A la demande du roi d'Angleterre George V et la Reine Mary, Eric Savill, inspecteur du parc de Windsor, entreprit d'éclaircir 10ha de forêt en friche pour aménager un jardin sur les deux versants d'un fond de vallon humide, d'où le nom initial du jardin "The Bog Garden". 
Photo Xavier Aubourg
Il dessina ruisseaux et petits étangs alimentés par des sources et introduisit sous le couvert des grands arbres conservés de nombreuses espèces ornementales.  Il créa ainsi un jardin forestier sauvage (woodland garden) et un jardin de marais dans un esprit très naturel. 
Photo Xavier Aubourg
Le succès du jardin fut tel que dans les années 1950 le roi George VI changea son nom en Savill Garden et Sir Eric Savill fut anobli.
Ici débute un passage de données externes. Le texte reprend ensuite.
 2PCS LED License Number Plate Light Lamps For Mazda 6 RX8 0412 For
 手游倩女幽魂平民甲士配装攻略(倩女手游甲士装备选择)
Fort de cette réussite on agrandit ensuite le jardin planté de différentes espèces de rhododendrons et d'azalées Kurume du Japon.
Photo Xavier Aubourg
Les plantations du jardin forestier ont été associées en fonction de leur intérêt aux différentes saisons : ainsi selon le moment on choisira de découvrir le Bois d'Eté, le Bois d'Automne... En mai 2019 nous avons évidemment privilégié le Bois de Printemps (Spring Wood) et la Promenade des Azalées (The Azalea Walk).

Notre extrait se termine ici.